# [INPUT]
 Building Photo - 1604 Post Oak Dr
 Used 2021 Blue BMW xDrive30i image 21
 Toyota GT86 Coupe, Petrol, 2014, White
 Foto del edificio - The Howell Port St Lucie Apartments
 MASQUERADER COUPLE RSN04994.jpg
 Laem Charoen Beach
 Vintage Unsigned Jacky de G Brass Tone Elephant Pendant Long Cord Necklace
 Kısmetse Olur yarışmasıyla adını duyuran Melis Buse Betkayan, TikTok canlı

==

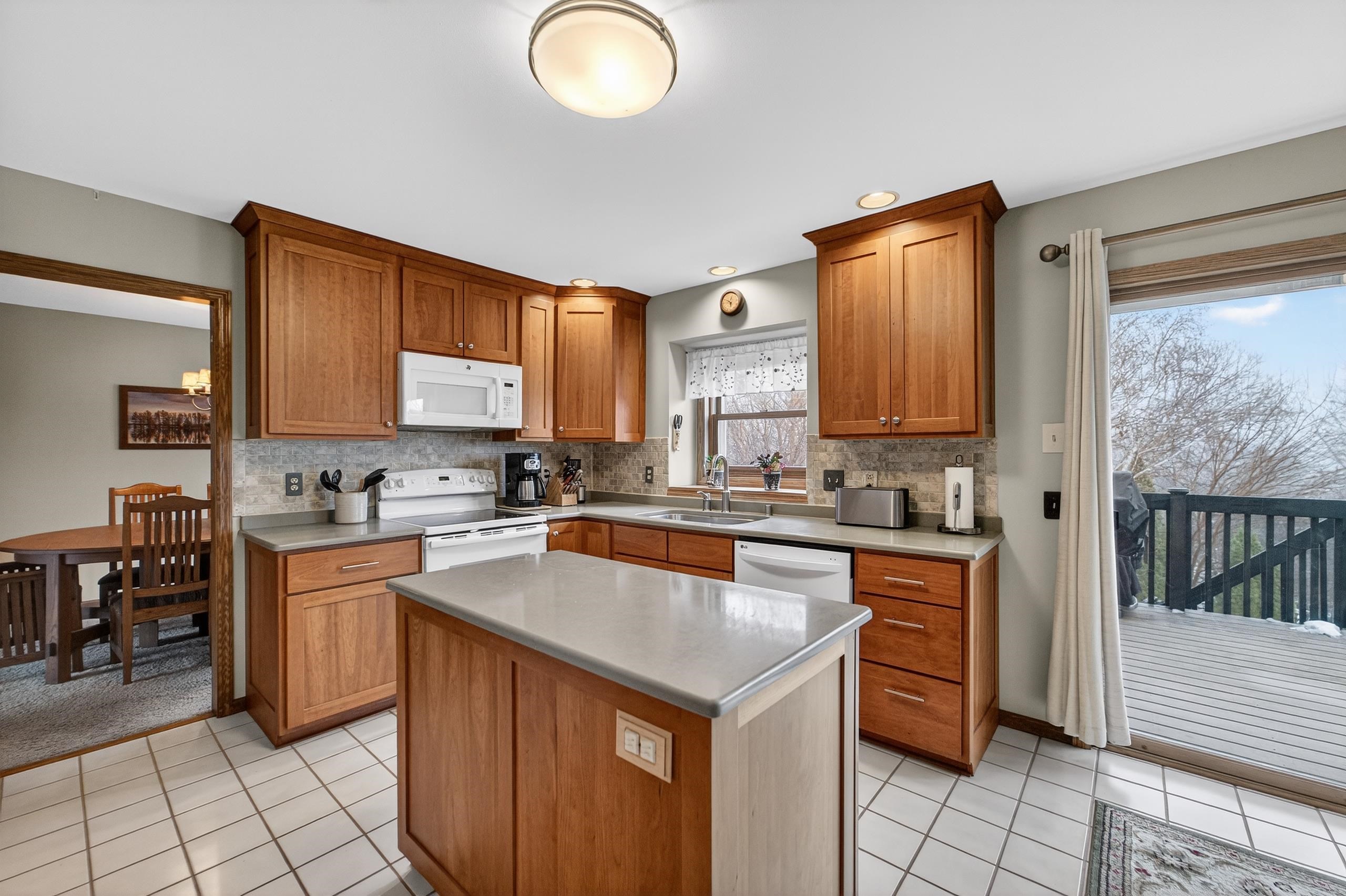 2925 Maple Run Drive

* * *

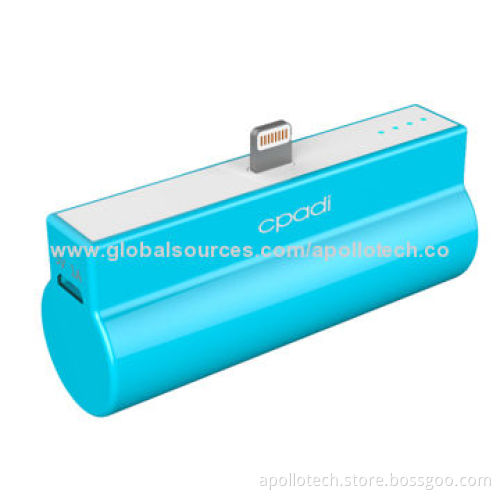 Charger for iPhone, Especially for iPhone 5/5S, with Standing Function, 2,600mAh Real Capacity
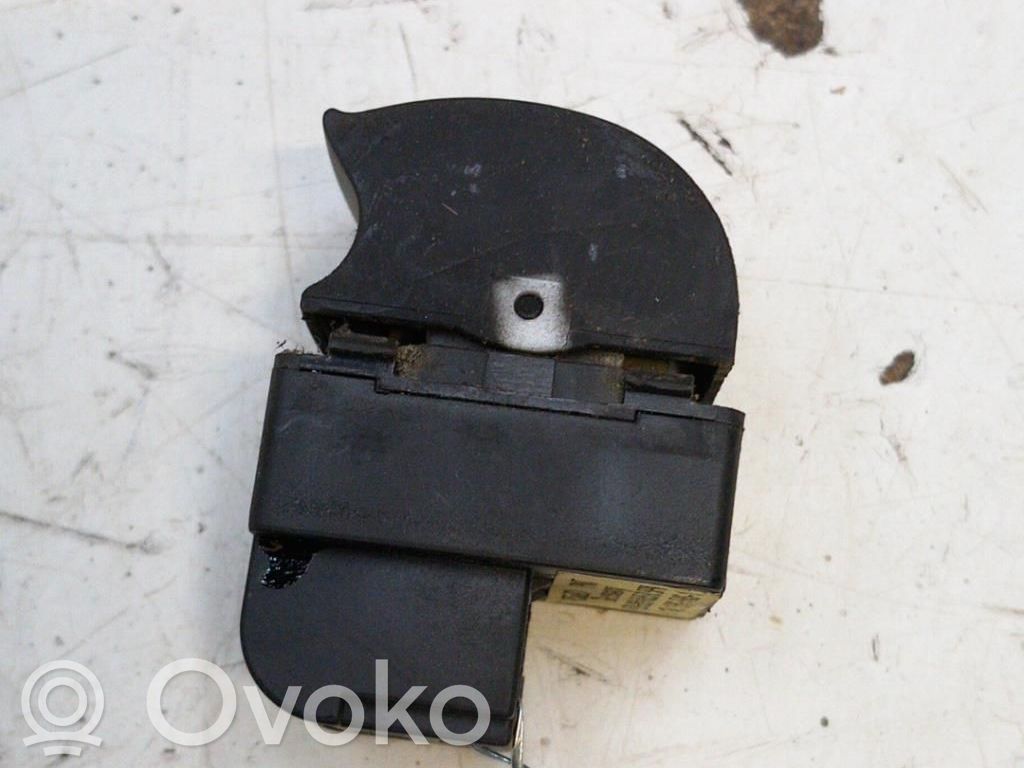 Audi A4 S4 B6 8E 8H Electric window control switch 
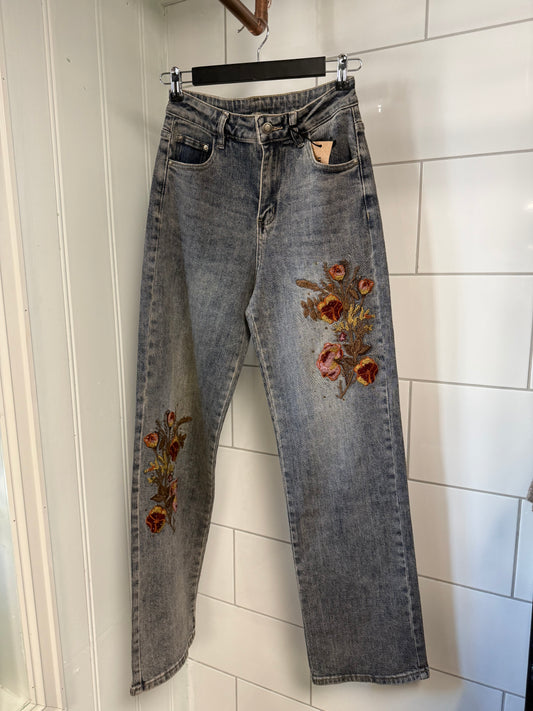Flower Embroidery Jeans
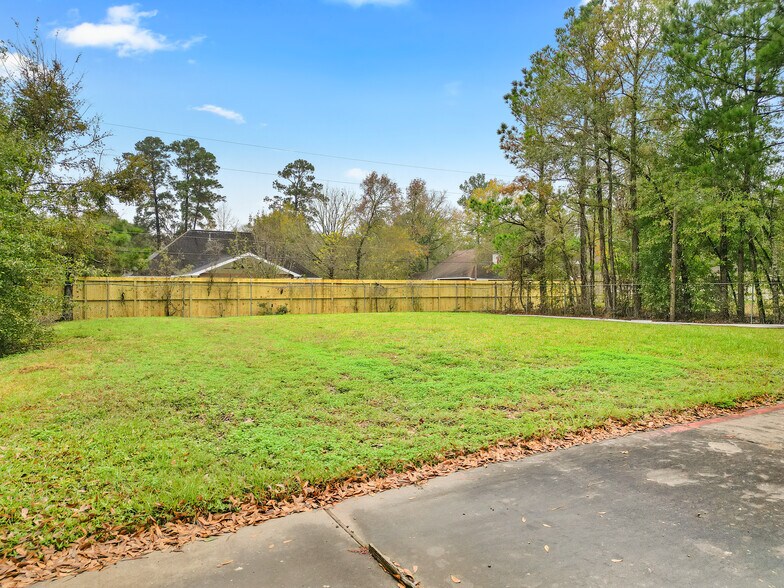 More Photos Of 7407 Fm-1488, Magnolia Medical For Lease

# [YOUR INSTRUCTIONS]
Using the records above, repeat exactly the run of lines that starts with the line with "Charger for iPhone, Especially" and goes on through the line with "More Photos Of"; omit each picture.

# [YOUR SOLUTION]
 Charger for iPhone, Especially for iPhone 5/5S, with Standing Function, 2,600mAh Real Capacity
 Audi A4 S4 B6 8E 8H Electric window control switch 
Flower Embroidery Jeans
 More Photos Of 7407 Fm-1488, Magnolia Medical For Lease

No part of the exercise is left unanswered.